Medieval Art definition
A time of artwork that was characterized by iconographic painting illustrations of Biblical scenes. The work emerged from the early Christian church influence as well as the Roman Empire heritage. The combination of the two lent a kind of “Barbarian” artistic culture in Northern Europe because it combined with Christian and pagan art.
Early Christian artists of the period took ideas from Roman carvings, metalwork, mosaics and paintings. Much of their work is classified as being completed around 200-500, at which time the Byzantine style started to grow rapidly.
Byzantine art is often considered to be the best artwork developed in the Middle Ages because of its craftsmanship and the quality of materials used. Much of the artwork was destroyed, including many of the fine mosaics and frecos that decorated the doomed churches of the day.
Celtic art in the Middle Ages developed among the people of Britain and Ireland from around the 5th-12th centuries. In the 7th and 8th centuries, there grew a combining of the Anglo-Saxons and Germanic traditions, which in turn created a style of artwork known as “Hiberno-Saxon” (Insular art).
From 300-900 there existed what is known as the Migration Period in the Middle Ages. During this time art made from Eastern-European and Germanic peoples emerged. Several different styles of artwork were then visible, including the Polychrome style, Animal style and Christian artwork.
From 800 to the 11th century, there began Pre-Romanesque art that started when Charlemagne was crowned king. The classical influences of Roman art impacted the artists of this time resulting in Carolingian art – which in turn brought about Gothic and Romanesque art.
Romanesque art is characterized by sturdy buildings with thick walls and rounded arches and windows. The ideas for the structural characteristics were taken from ancient Rome, which is why the art period is called “Romanesque” today.

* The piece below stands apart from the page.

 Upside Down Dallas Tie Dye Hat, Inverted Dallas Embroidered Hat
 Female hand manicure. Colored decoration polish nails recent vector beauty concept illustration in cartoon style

Gothic art first came about with Gothic architecture in 1140 – a divergent from Romanesque architecture. When the Abbey Church of S. Denis was being renovated in 1144, Gothic sculpture was born. The style grew in Europe and started to replace the Romanesque style. Eventually, Gothic art was mixed into Renaissance art, at which time painting on panels and in fresco became significant in the arts, as well as prints.
Also happening during the Middle Ages were developments in Islamic art. Illustrated manuscripts, textiles, ceramics, metalwork and glass were all forms of Islamic arts being developed. Muslim artists in the Near East, Islamic Spain, and Northern Africa worked in the early formative stage of the period from 600-900 and then diverged in a variety of styles starting in 900 depending on the region in which the artist worked.